In the meantime, here’s another prototype. The germ of this idea dates back to AM’s awesome saddlebag wrap, which made me want to wear faux fur again. I stalked the fabric back then and finally went back for it at the end of the summer by which time there was almost nothing left on the roll. I bought what I could comfortably afford and took it home.

My original sewing plan for the winter was for two garments: a fur vest I could layer over jackets and a plain black coat in something else. Then at some point I realised that the blouse that became a bomber jacket could also be a reversible coat which would convert into a wrap, filling both of these criteria and then some. You get the idea.

Mixing up the fur on one side with a piece of alpaca (miraculously found on Amsterdam’s Monday fabric market) and a black nylon shell on the other gives a garment with many applications. I like the glam meets boho meets urban vibe of the thing and it seems to go with almost everything. It’s comfortable over a tee in milder weather and I expect to wear it later in the season over a leather jacket. The waterproof fabric means I can flip it and wear it in the rain without drenching the pelt.

Here’s the thing though. It’s a design with potential and I want to make more like it. But unlike the bomber jacket there’s a problem with the economics - materials alone are expensive and fur is challenging to sew. This leaves me wondering how I can make this coat happen.

As ever, your thoughts and comments are most gratefully received. 

This post is also published in the youlookfab forum. You can read and reply to it in either place. All replies will appear in both places.


  • rachylou replied 3 years ago

    Have just looked at pics... But what a fun coat!

  • Isabel replied 3 years ago

    WOW !  I love it !  

  • Beth Ann replied 3 years ago

    So creative and luxurious!  Would it be possible to find a small design house or manufacturer that could mentor you in the business aspects?  Having a team to support you can make it easier to make decisions and problem solve.
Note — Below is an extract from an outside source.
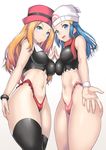  adapted_costume bare_shoulders black_legwear blue_eyes blue_hair blush breasts brown_hair eyebrows_visible_through_hair hat highleg hikari_(pokemon) impossible_clothes large_breasts long_hair looking_at_viewer multiple_girls nagase_haruhito navel open_mouth parted_lips pokemon pokemon_(game) pokemon_dppt pokemon_xy red_hat scarf serena_(pokemon) shirt sleeveless sleeveless_shirt smile standing thighhighs thong 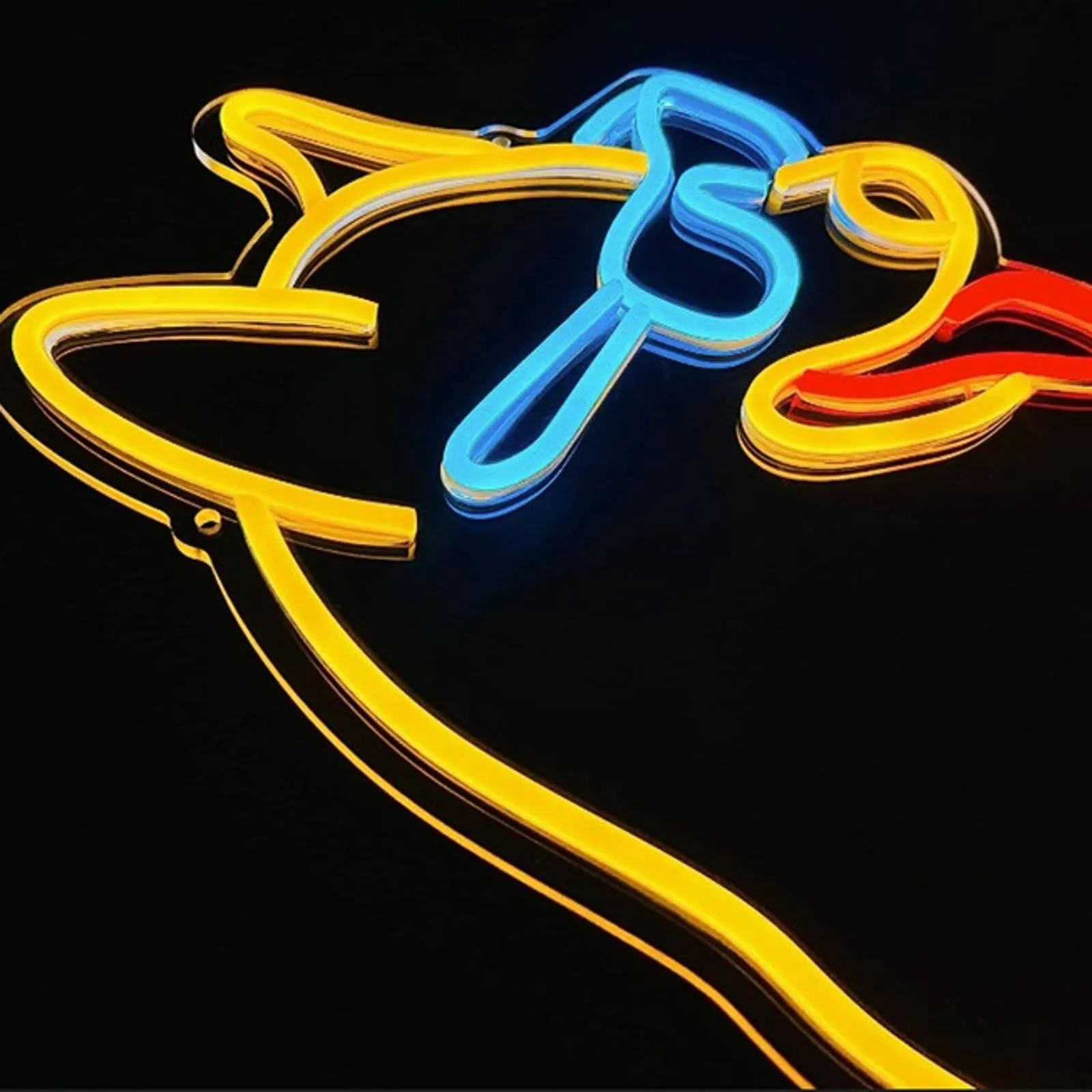 Fun Vivid Bright Corgi Puppy Dog in Sunglasses LED Night Light Room Wall Decor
    So enjoying your posts!

  • tulle replied 3 years ago

    Make it to order, and charge more!  There are plenty of $2,000 coats on Net a Porter without half the pizazz of this one.  The faux fur is really sumptuous, and the protective nylon shell/lining is practical and sleek.  One quibble:  the view of the vent in pic #5 worries me. Would it be possible to have some kind of flap or placket in the nylon to cover the furry edges when the coat becomes a raincoat?  It's a super-interesting piece.

  • Elle replied 3 years ago

    Wonderful design. Such an interesting coat and I love all the possibilities.  It would be really fabulous if it could be worn in the rain..

    Because of the materials & construction time, you are going to have to aim at the luxury market.  I'm not sure what your business model is, but can you break into the made to order business?  Or could you do a prototype, exhibit it somewhere and take orders.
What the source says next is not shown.